The purpose of the Risk Theme is to identify, assess, and control uncertainty, and as a result, increase the probability of project success. Risk Management in PRINCE2 focuses on the proactive control of risks, specifically those which may negatively impact the likelihood of achieving project objectives. The aim is to support good decision making through a clear understanding of risks including: the causes of risks, the likelihood of occurrence, impact of risk (both positive and negative), the timing of risk occurrence, and risk response strategies. Management of risk is a continual activity throughout the life of the project, effective risk management is a prerequisite to the continued business justification of the project.
The Change Theme in PRINCE2 revolves around the ability to assess and control any deviations from an approved baseline. The purpose is to provide a systematic approach to identify, assess, and control issues that may occur as a result of change on a project. PRINCE2 recognizes that change is inherent on a project, but aims to achieve a method for governing it through systematic procedure. It requires all changes be reviewed by the Change Authority and approved prior to implementation of any change. This requires a Configuration Management System to be established to record project product baselines, along with Issue and Change Control Procedures be in place throughout the life of the project. The primary management products associated with the Change Theme in PRINCE2 include: The Configuration Management Strategy, Configuration Item Records, Product Status Accounts, Daily Log, Issue Register, and Issue Reports.

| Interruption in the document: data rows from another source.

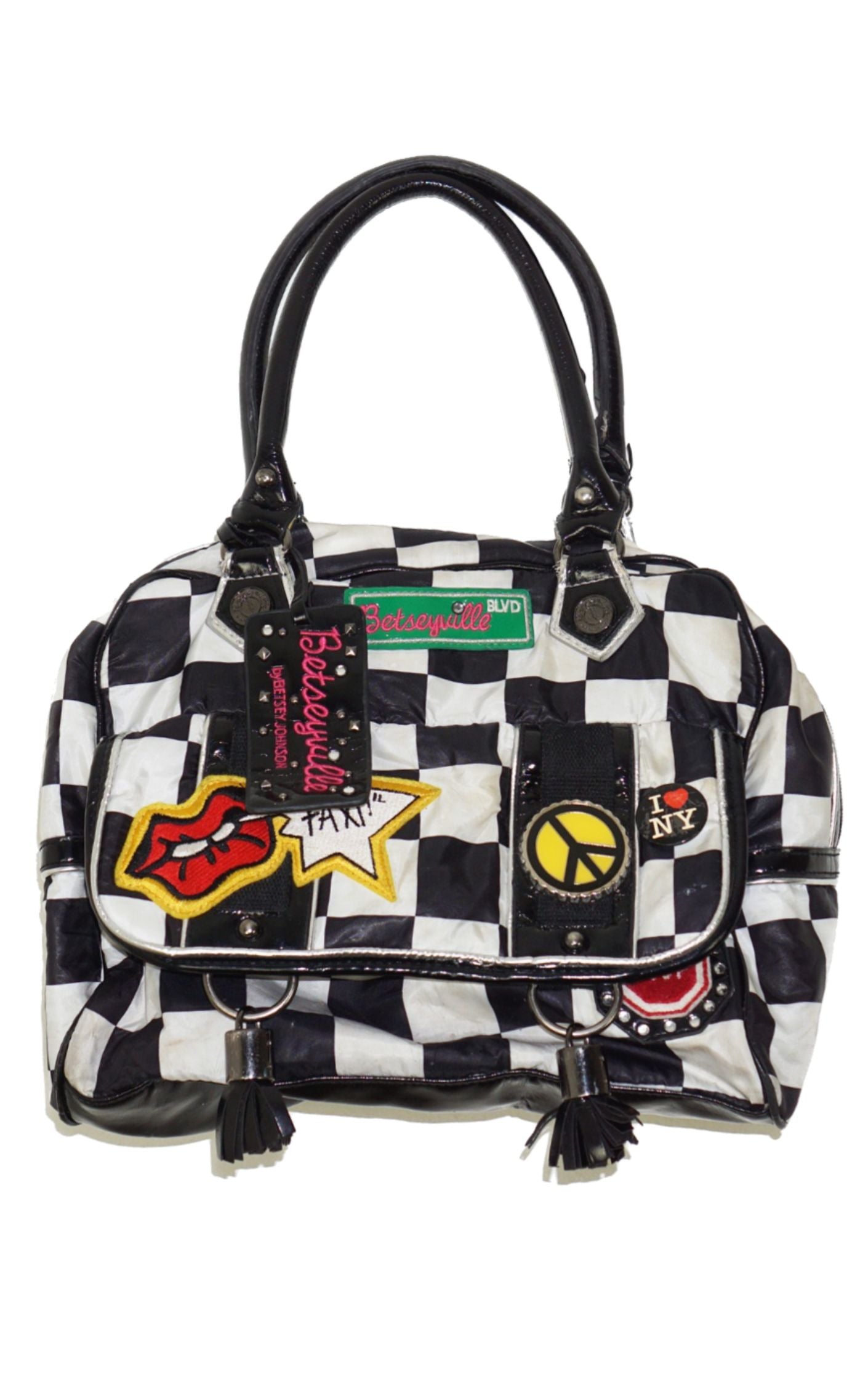 BETSEY JOHNSON NY Checkered Patches Bag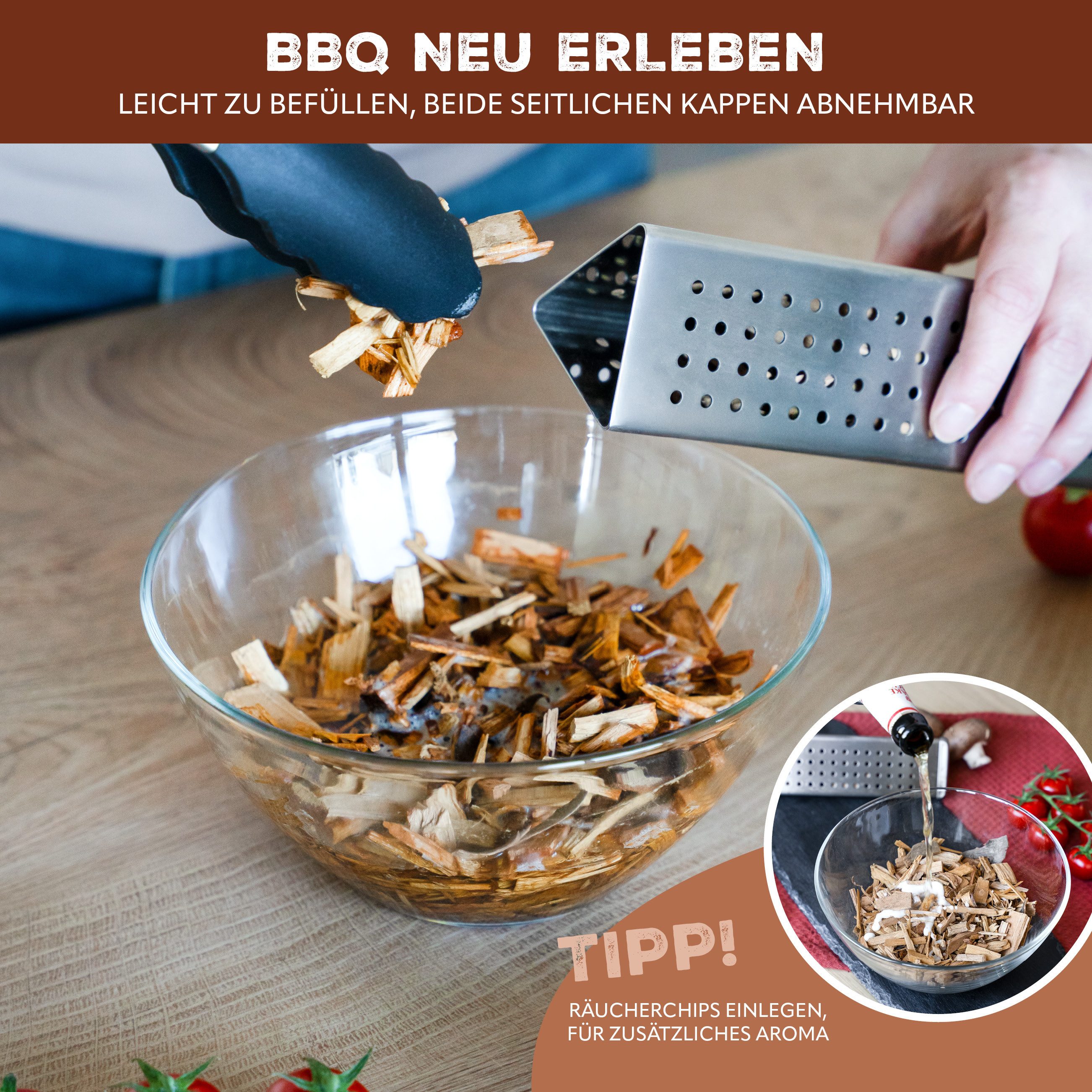 bremermann Räucherbox Räucherbox // Edelstahl, ca. 6 x 21 cm // Smokerbox BBQ (1-tlg)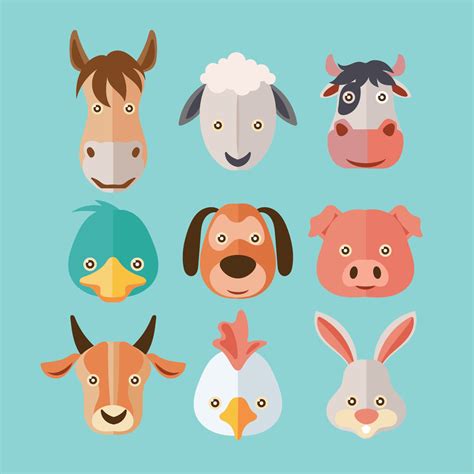 Farm Animal Faces Clip Art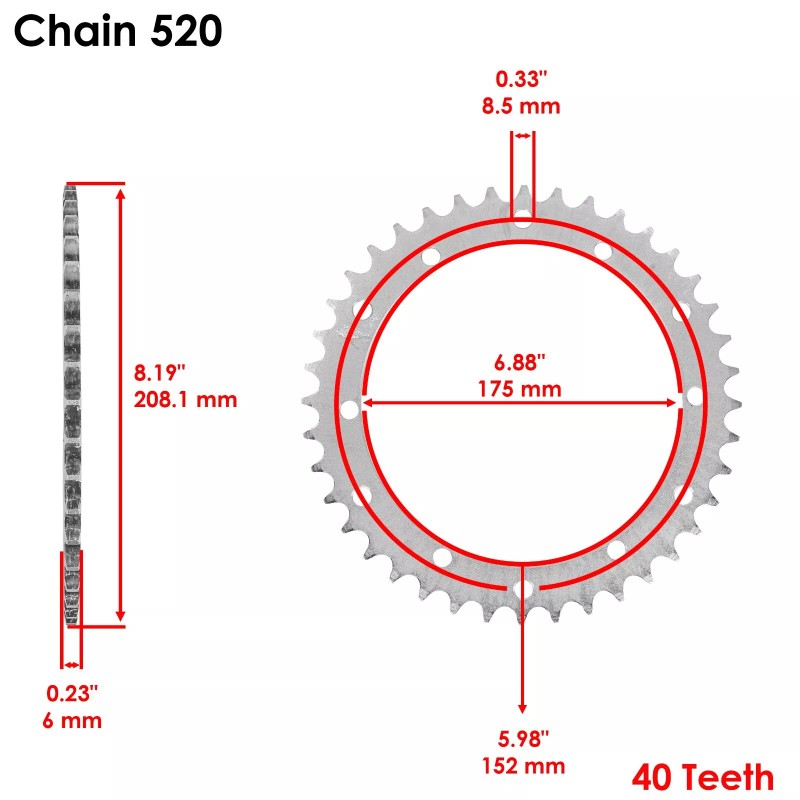 Caltric Black Drive Chain And Sprockets Kit for Yamaha Warrior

The Progress Theme is concerned with monitoring project performance baselines, to actual performance on the project. This theme also addresses forecasted deviations from the baseline (tolerance), it’s effect on achieving project objectives, ensuring the continued viability of the project, and provide control over any deviation from the agreed upon tolerances. Tolerance allow for discretion in decision making at various levels in the management structure. For example, the Project Manager is allocated some latitude within a given Management Stage and may take corrective action as appropriate, so long as the deviation is within an agreed upon tolerance (such as an increase in cost not exceeding tolerance parameters). If however, the forecast exceeds the tolerance allotted, the Project Manager would be required to report up through the Project Board for a decision. A PRINCE2 Project will measure progress, comparing baseline and actual performance, in terms of time, scope, quality, benefits, and risk.